Conservation Leaders React to Trump Administration Plan to Slash America’s Most Important Conservation and Recreation Program
WASHINGTON, DC – The Trump Administration’s budget framework released today proposed a drastic reduction in funding for America’s irreplaceable natural resources, specifically targeting  America’s most important conservation and outdoor recreation program, the Land and Water Conservation Fund (LWCF).  Conservation leaders from the LWCF Coalition reacted to the Trump administration’s reckless budget proposal, which jeopardizes our national parks and puts all of America’s public lands at risk.  
“The Administration’s extreme proposal to wipe out the funding that protects our national parks and other national lands is completely out of step with America’s values,” said Will Rogers, President of the Trust for Public Land.  “The conservation of our national parks and outdoor heritage has always been an area of bipartisan agreement and overwhelming public support.  Our public lands are a defining aspect of our national character – providing access for people to hunt, fish, hike, camp, experience the incomparable American landscape, and participate in our robust outdoor recreation economy.  This harmful budget proposal will pull the rug out from under landowners and communities alike.  Conservationists and outdoor enthusiasts across the country must speak out and oppose this attack on America’s public lands.”   

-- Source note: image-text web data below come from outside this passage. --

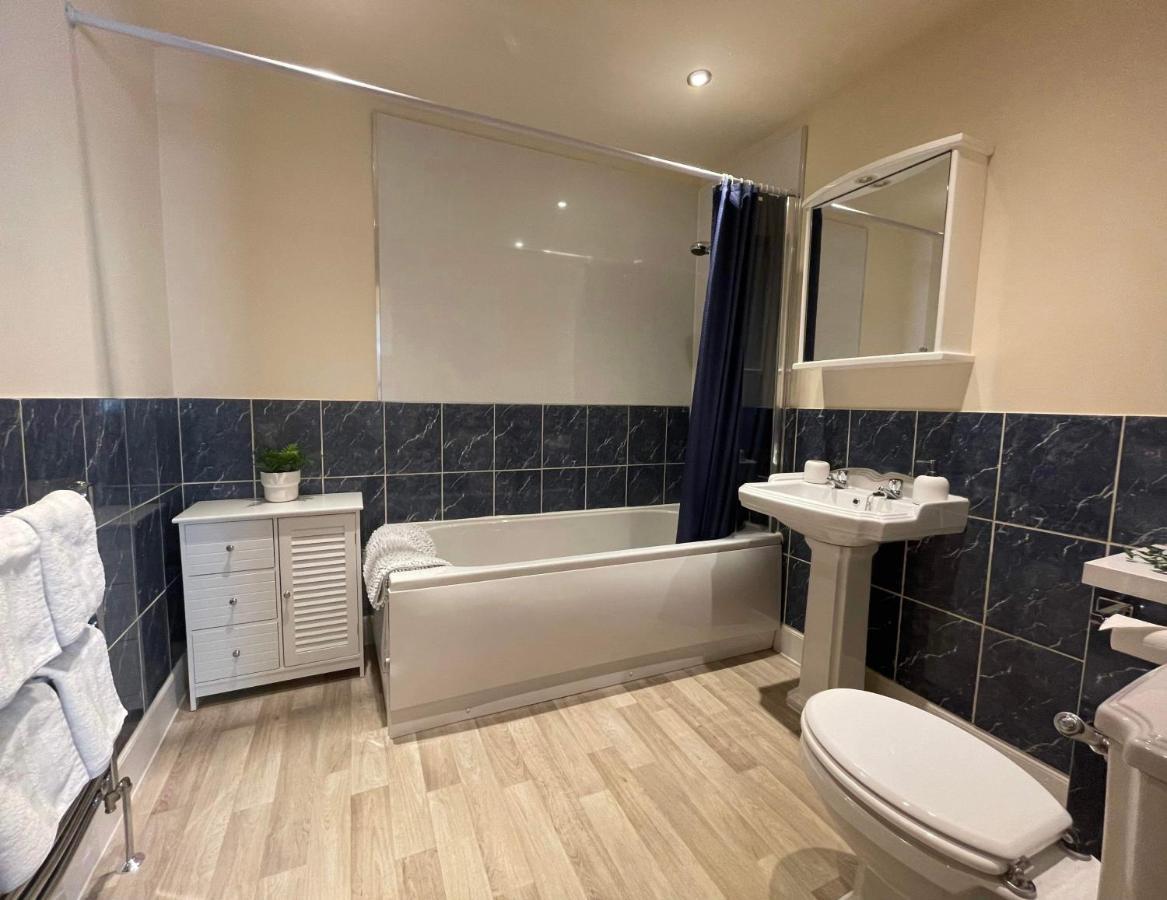 Deeside Snugs Apartments Kincardine O'Neil Bagian luar foto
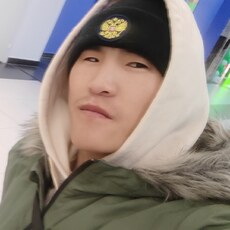 Иван, 22, Салаир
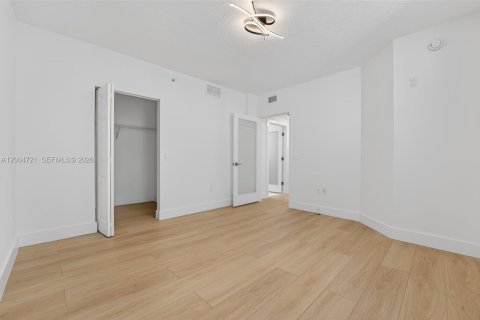 Condo in Fort Lauderdale, Florida, 2 bedrooms  № 2069606 - photo 28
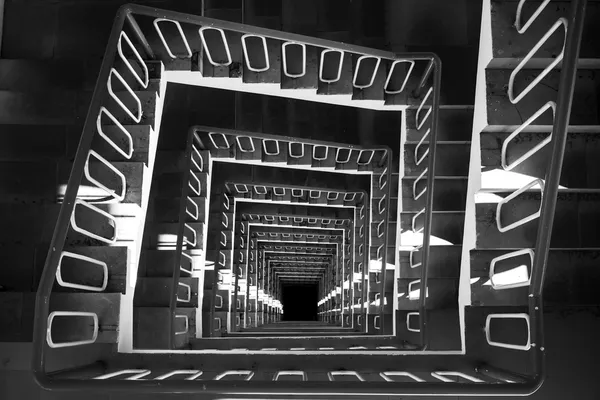 Spiral staircase top view black and white photo — Stock Photo, Image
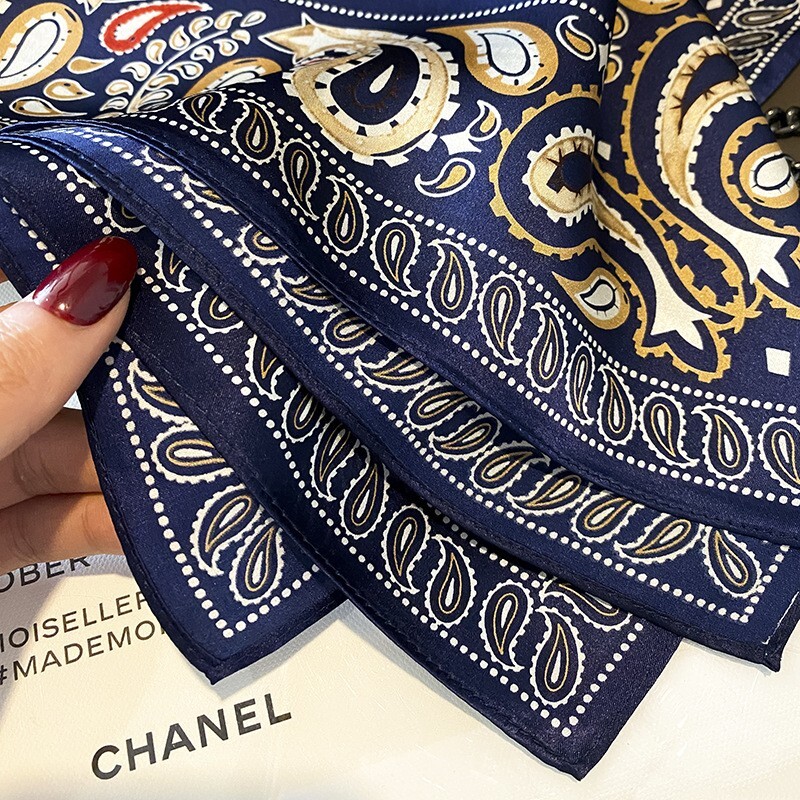 100% Mulberry Silk 27'' Scarf Women Vintage Birds Flower Kerchief Square Bandana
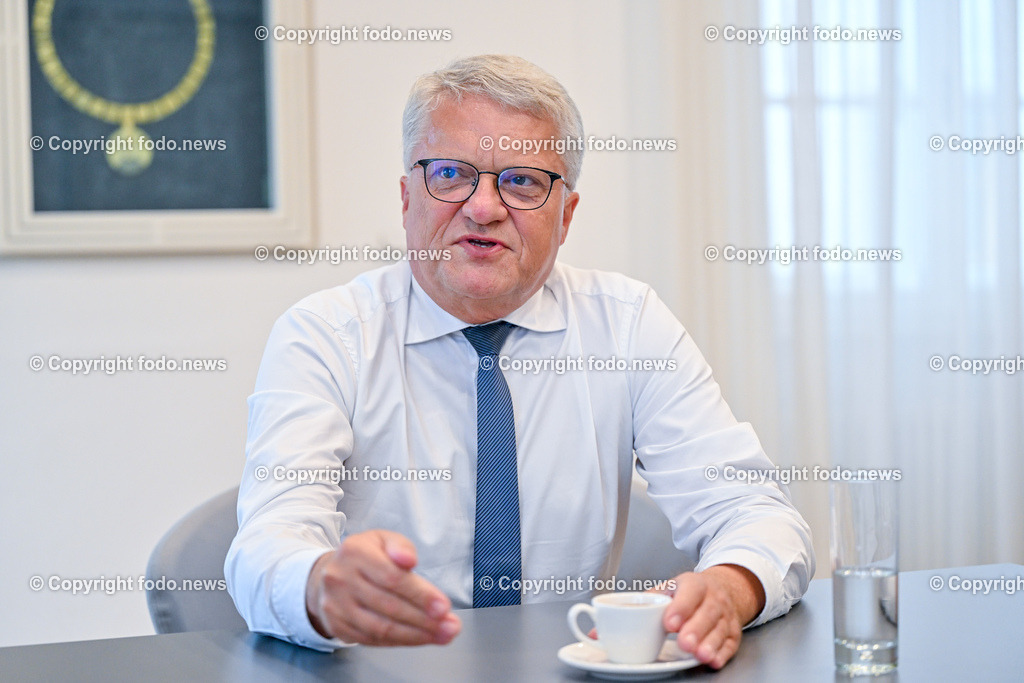 Klaus Luger (SP_ Bgm. der Stadt Linz)_ 01.07.2024-8 | 01.07.2024, Altes Rathaus, AUT, Buergermeister Klaus Luger, im Bild Klaus Luger (SP, Buergermeister der Stadt Linz) 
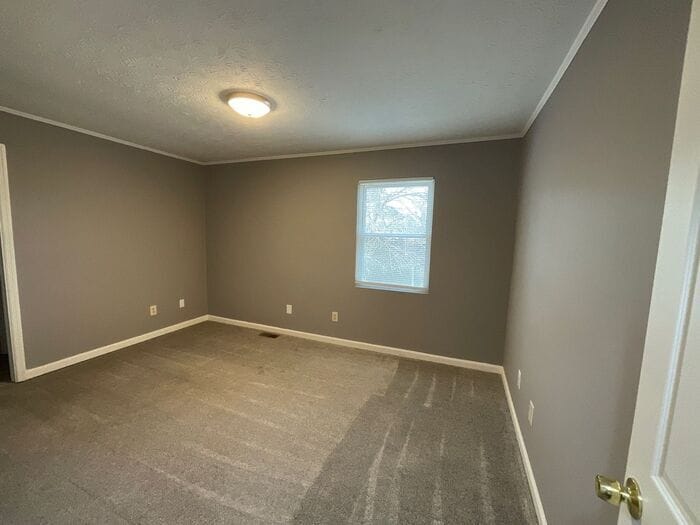 Building Photo - 1439 Springleaf Cir SE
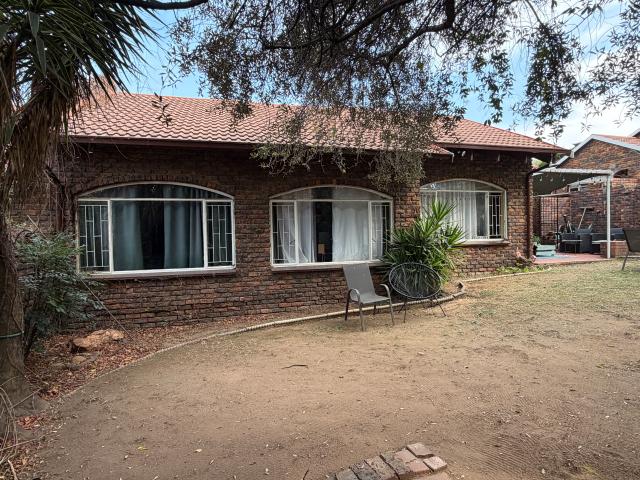 2 Bedroom Cluster in Buccleuch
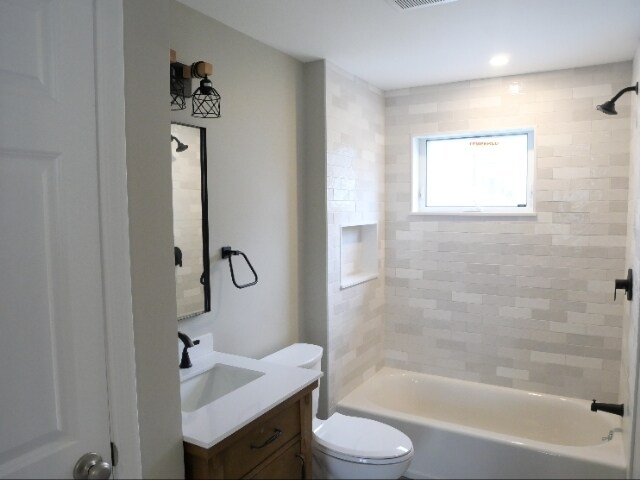 Building Photo - 92 School St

The Administration’s budget proposes an unsustainable twelve percent cut to already-underfunded public land management and protection budgets.  Moreover, it makes clear that some essential programs would be hit with far bigger reductions that would have devastating, irreversible consequences.  The proposed cuts to LWCF would virtually eliminate funding to protect national parks, battlefields, and other national lands, and would frustrate efforts to secure public access for sportsmen and recreationists. For more than 50 years, these programs have delivered on-the-ground conservation achievements to every state in the union and have provided particularly necessary benefits to rural America and the small communities that depend upon the hunting, fishing and outdoor recreation economy for economic development.
Recent LWCF funding has secured vital protections and access for Grand Teton and Rocky Mountain National Parks, Gettysburg National Military Park, and other iconic American places.  Critical now-or-never needs remain all across the country, including key sites along the Appalachian Trail, Volcanoes National Park in Hawaii, and Montana’s Lolo National Forest.    
“Cuts of this magnitude to LWCF would do real, irreversible damage to the national parks and public lands that Americans care so deeply about and depend on for close-to-home outdoor recreation,” said Jamie Williams, the President of the Wilderness Society.  “Moreover, LWCF is not funded by taxpayer dollars but from fees collected from offshore oil and gas extraction.  These cuts would siphon off dedicated conservation dollars for unrelated spending, breaking a 50-year-old promise to the American people that the royalties generated from offshore oil and gas drilling are reinvested into protecting our National Parks, providing hunting and fishing access, trails and open spaces.”  
“LWCF cuts would hit rural America, sportsmen, anglers and the outdoor recreation economy especially hard,” said Mark Tercek, President of The Nature Conservancy.  “LWCF leverages four dollars in private capital for every conservation dollar invested.  Hunting, fishing, outdoor recreation, conservation and historic preservation activities support 9.4 million jobs and contribute more than a trillion dollars annually to the U.S. economy.”   
It is important to remember that budget proposals are only that: proposals.  The LWCF Coalition will continue to work with policymakers in Congress and the administration who grasp the importance of continuing to reinvest royalties from offshore energy development into lasting natural infrastructure: our land, outdoor recreation economy, access to hunting and angling opportunities, water resources, and the history and culture of our great nation. 
LWCF is overwhelmingly popular with the American people and has maintained broad bipartisan support over its half century history of successful, locally-driven conservation.  Last year, a supermajority of 85 Senators voted to permanently secure LWCF for every future generation.  It was the first vote in history by either the House or the Senate to make the landmark conservation law permanent.  In September of 2015, Congress temporarily allowed the program’s authorization to expire.  After a massive outcry, it was reauthorized for three additional years at the end of 2015.